• _What needs to be done_
Below are records that should be duplicated exactly, with no image retained.

• _Records for the task_
◆ ◆ ◆ ◆

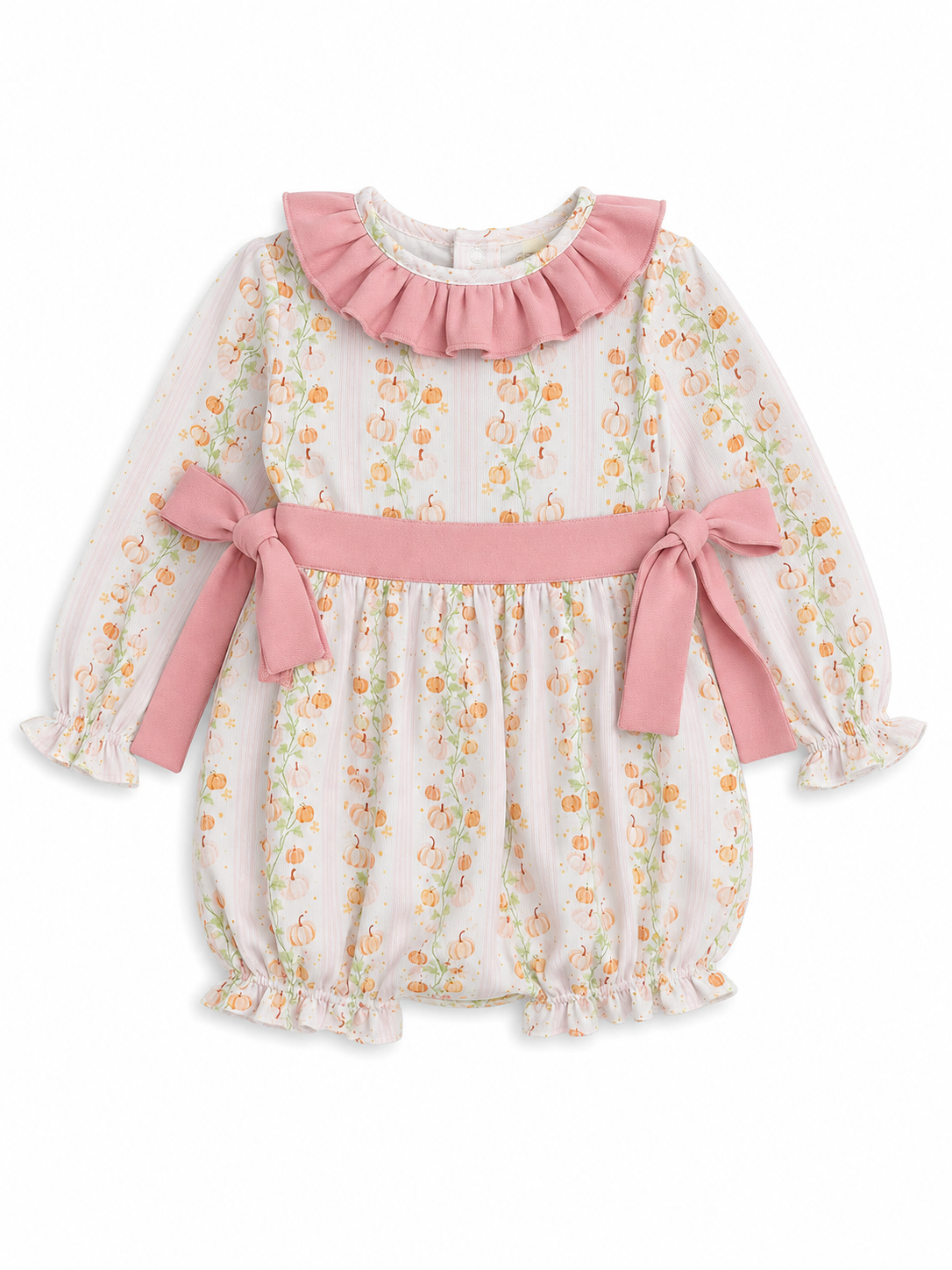 Pumpkin Patch Pink Bow Bubble – Long Sleeve Fall Baby Girl Outfit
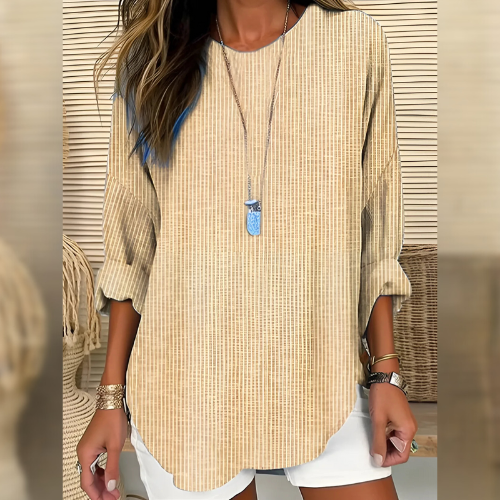Marune™ – Blouse met Fijn Streeppatroon en Relaxte Pasvorm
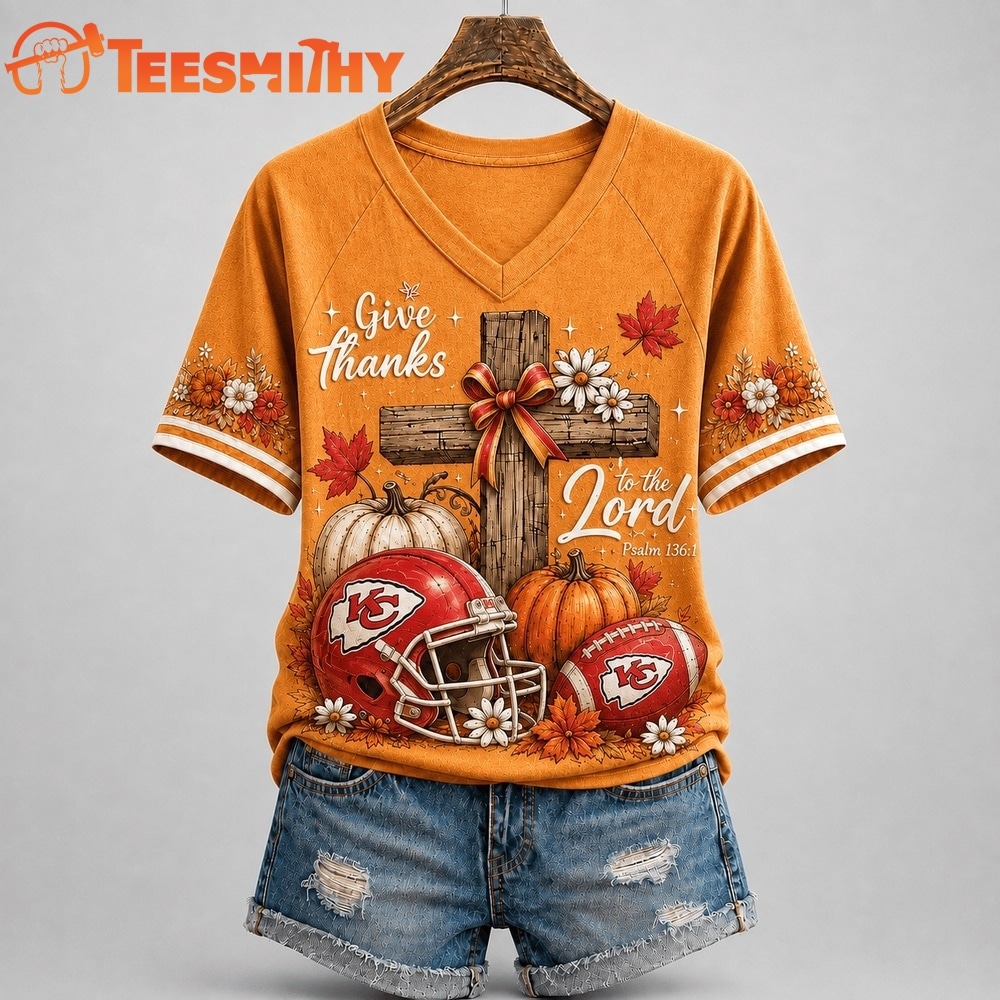 Kansas City Chiefs NFL Thanksgiving Faith And Football V Neck T Shirt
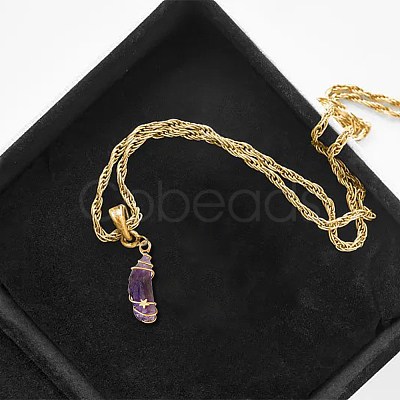 16Pcs Natural Gemstone Copper Wire Wrapped Pendants FIND-DC0003-66-1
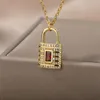 Chains Vintage Lock Key Pendant Necklace For Women Zircon Choker Chain Necklaces Geometric 2022 Aesthetic Fashion Jewelry GiftChains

◆ ◆ ◆ ◆

• _Solution for this problem_
 Pumpkin Patch Pink Bow Bubble – Long Sleeve Fall Baby Girl Outfit
Marune™ – Blouse met Fijn Streeppatroon en Relaxte Pasvorm
 Kansas City Chiefs NFL Thanksgiving Faith And Football V Neck T Shirt
 16Pcs Natural Gemstone Copper Wire Wrapped Pendants FIND-DC0003-66-1
 Chains Vintage Lock Key Pendant Necklace For Women Zircon Choker Chain Necklaces Geometric 2022 Aesthetic Fashion Jewelry GiftChains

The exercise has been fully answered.